• _TASK TO CARRY OUT_
Among the entries below, which lines include the string "Satin"? Show each one.

---------- THE INPUT

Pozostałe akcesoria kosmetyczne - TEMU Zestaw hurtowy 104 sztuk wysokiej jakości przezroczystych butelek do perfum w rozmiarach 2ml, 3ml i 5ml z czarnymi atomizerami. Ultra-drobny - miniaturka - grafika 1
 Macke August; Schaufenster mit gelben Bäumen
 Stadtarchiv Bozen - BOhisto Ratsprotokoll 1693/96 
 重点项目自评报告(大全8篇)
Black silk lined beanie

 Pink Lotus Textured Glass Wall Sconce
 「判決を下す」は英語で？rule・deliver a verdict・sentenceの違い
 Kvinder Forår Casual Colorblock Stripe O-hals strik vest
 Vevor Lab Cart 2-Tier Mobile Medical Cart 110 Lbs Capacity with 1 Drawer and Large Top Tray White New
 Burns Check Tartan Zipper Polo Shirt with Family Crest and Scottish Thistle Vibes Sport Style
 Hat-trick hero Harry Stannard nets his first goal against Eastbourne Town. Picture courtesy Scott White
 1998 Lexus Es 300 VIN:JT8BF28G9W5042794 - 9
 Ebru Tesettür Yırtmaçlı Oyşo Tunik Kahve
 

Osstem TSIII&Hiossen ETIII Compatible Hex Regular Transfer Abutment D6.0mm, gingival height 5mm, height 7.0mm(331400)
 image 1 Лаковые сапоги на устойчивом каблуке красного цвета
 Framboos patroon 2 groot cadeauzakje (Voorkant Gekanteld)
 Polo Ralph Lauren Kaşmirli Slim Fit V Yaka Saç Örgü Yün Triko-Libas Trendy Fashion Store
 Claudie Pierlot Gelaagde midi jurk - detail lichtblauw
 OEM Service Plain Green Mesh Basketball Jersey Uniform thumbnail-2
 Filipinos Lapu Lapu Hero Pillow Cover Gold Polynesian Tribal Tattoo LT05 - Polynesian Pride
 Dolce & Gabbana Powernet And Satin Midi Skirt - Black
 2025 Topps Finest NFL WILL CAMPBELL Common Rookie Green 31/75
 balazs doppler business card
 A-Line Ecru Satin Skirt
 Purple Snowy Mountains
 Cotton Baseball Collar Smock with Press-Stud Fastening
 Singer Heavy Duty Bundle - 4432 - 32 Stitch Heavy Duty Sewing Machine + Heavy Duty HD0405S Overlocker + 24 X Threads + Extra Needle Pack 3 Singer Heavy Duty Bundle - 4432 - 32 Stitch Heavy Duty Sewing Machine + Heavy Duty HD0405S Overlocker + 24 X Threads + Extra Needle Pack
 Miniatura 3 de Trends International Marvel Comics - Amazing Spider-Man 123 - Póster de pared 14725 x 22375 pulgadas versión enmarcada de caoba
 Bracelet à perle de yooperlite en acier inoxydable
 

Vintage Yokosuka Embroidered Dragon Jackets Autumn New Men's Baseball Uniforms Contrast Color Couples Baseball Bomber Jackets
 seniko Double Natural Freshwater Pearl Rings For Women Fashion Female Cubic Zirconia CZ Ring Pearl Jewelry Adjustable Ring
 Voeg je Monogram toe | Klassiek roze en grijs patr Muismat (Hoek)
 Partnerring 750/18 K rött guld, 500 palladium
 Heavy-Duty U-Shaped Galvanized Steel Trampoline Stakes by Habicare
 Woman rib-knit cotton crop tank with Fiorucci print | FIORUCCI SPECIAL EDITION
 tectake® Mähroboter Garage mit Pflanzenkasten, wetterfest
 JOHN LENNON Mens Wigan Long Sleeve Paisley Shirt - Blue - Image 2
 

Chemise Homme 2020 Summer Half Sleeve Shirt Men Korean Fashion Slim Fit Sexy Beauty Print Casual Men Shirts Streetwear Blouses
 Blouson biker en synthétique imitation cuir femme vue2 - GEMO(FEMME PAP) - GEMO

--------------------

• _ANSWER SECTION_
 Dolce & Gabbana Powernet And Satin Midi Skirt - Black
 A-Line Ecru Satin Skirt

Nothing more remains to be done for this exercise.